§ **About this task**:
Repeat the listing that follows character for character, omitting images.

§ **Stored data**:

>>>

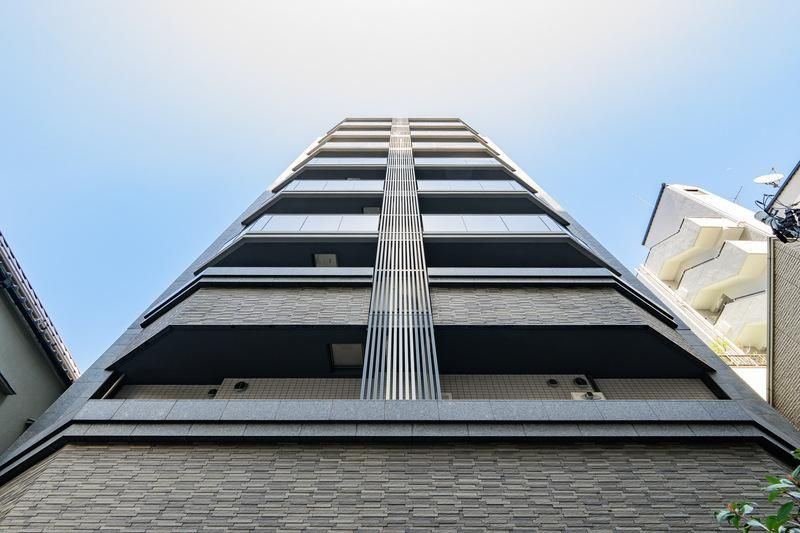 オープンレジデンシア本郷三丁目の外観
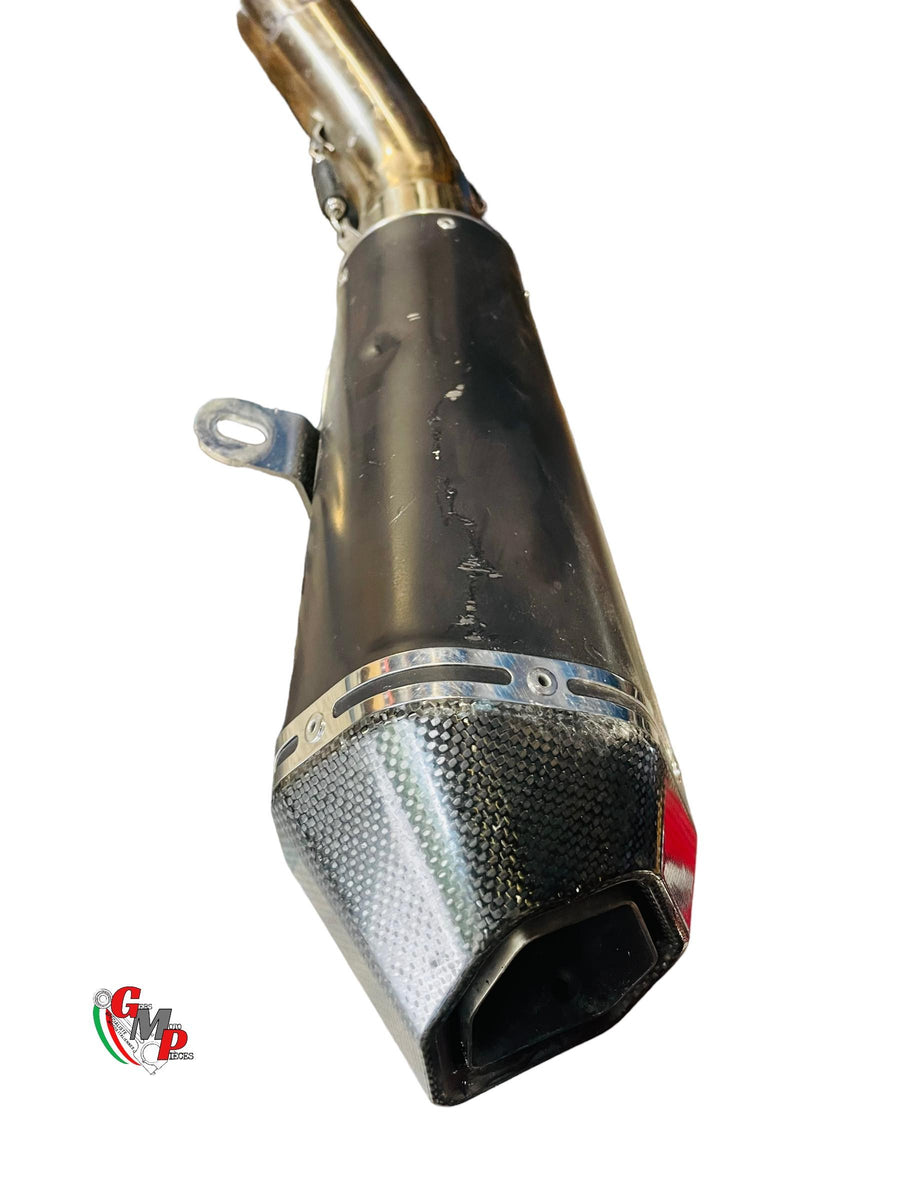 Escape de aluminio y carbono Remus Performance - Ducati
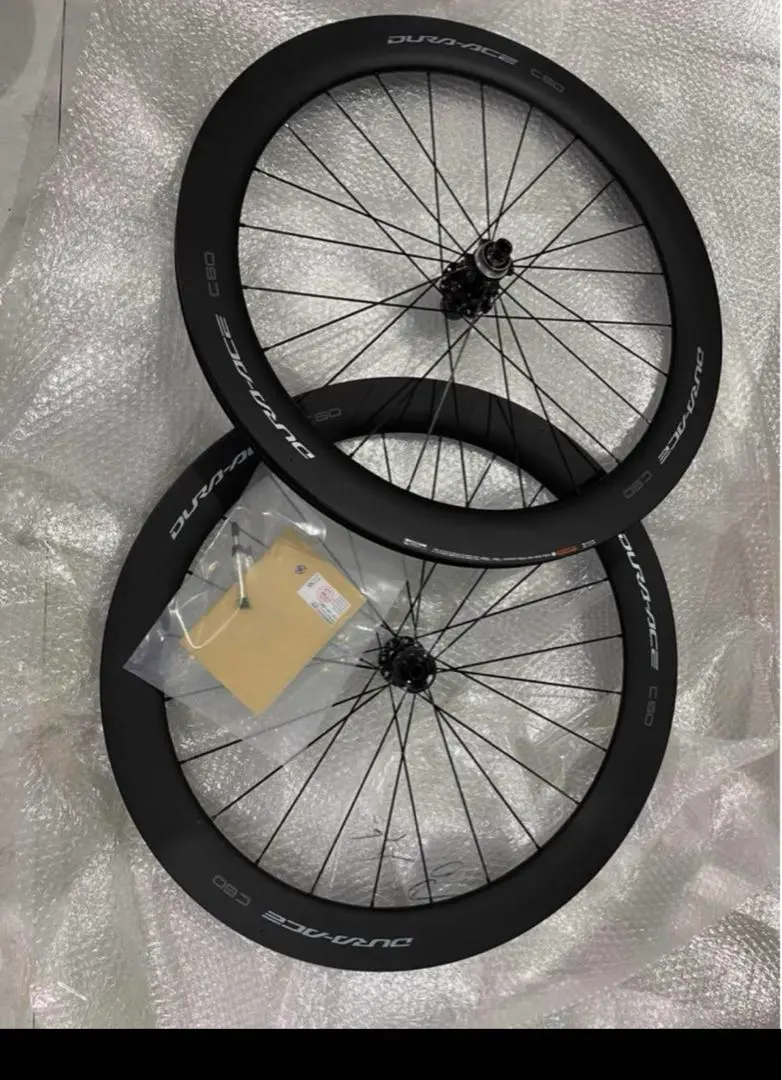 【新品/未使用】DURA-ACE WH-R9270-TL C50 前後輪セット ウエムラサイクルパーツインターネット店 / Shimano (シマノ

<<<

§ **Answer to this problem**:
 オープンレジデンシア本郷三丁目の外観
 Escape de aluminio y carbono Remus Performance - Ducati
 【新品/未使用】DURA-ACE WH-R9270-TL C50 前後輪セット ウエムラサイクルパーツインターネット店 / Shimano (シマノ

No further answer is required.